Of course, every banker´s, analyst´s, self-declared monetary policy expert´s snotty criticism along the lines of "how can they be so stupid?" or "Have they completely lost the plot?" definitely IS something you´ve heard before -- and far more often than you care to remember. The real eye-exasperatingly-towards-heaven-roller, however, isn´t that you´ve heard all the more or less obvious arguments against rate hikes and monetary tightening before. No, it´s that the vast majority of all those expert advice offering bankers, fund managers, high-tech-investment engineers, analysts and economists ... well, how can I put it without it sounding tooooooooooo snotty on my part? ..... Well, to put it biblically: If your slate is clean, you can throw stones, eh?

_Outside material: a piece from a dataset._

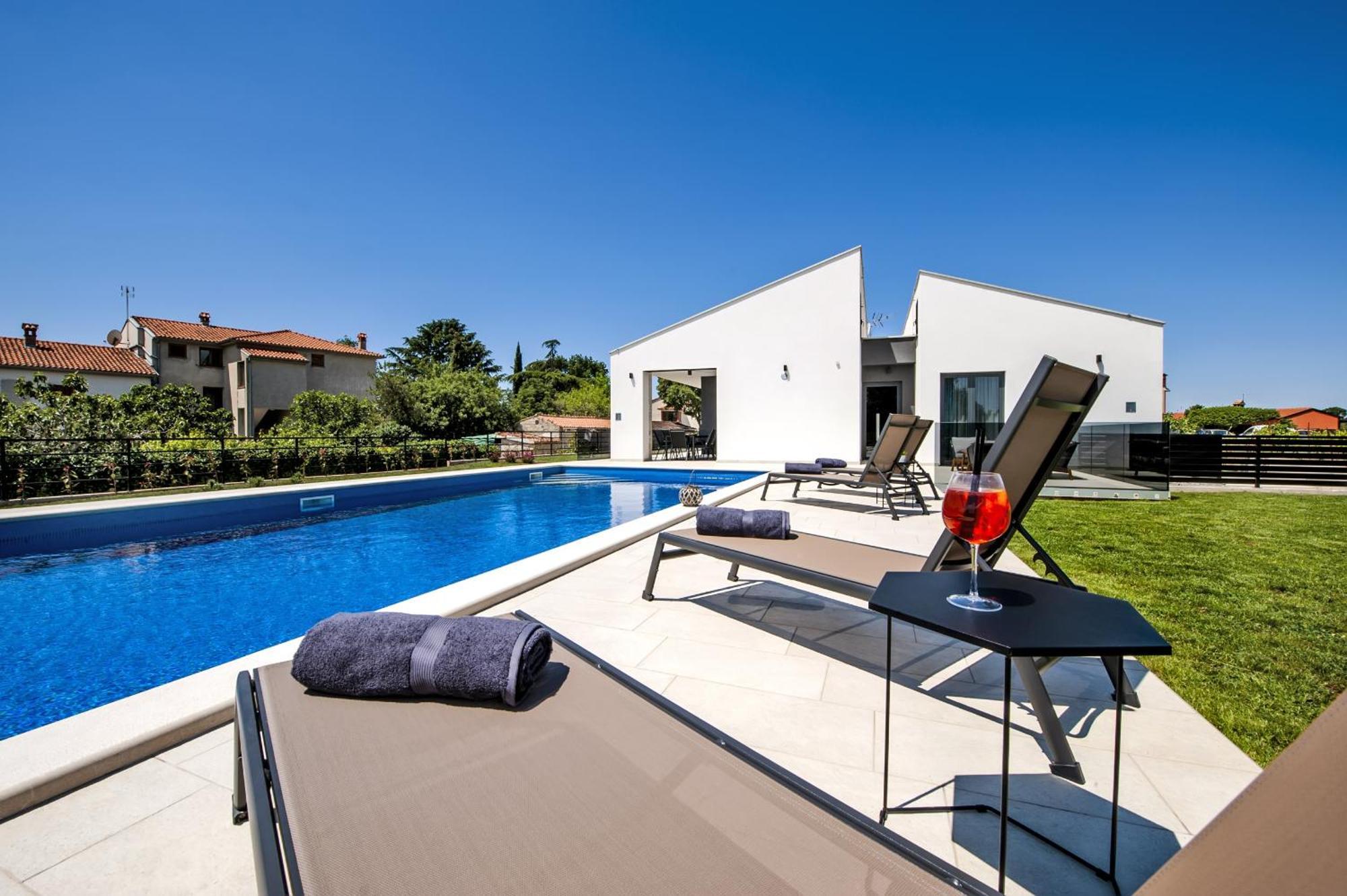 Villa Xo Ровінь Екстер'єр фото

So why are bankers, analysts (generally working AT banks), ECB watchers (ditto) etc. all baying for lax monetary policy? Because they want to save the economy? .... Ah, what a romantic notion! Because they want to save their jobs. Because ONE major crisis we do have: a banking crisis. Banks and bankers didn´t do their homework, weren´t following the same rules of solid business practices as they are always recommending so easily to everybody else.
And now they hold the rest of the economy -- and especially the central banks -- ransom: If you don´t give us the money we need at the rate we want, you´ll get yourselves a nasty credit crunch an a recession. So hands up and deliver!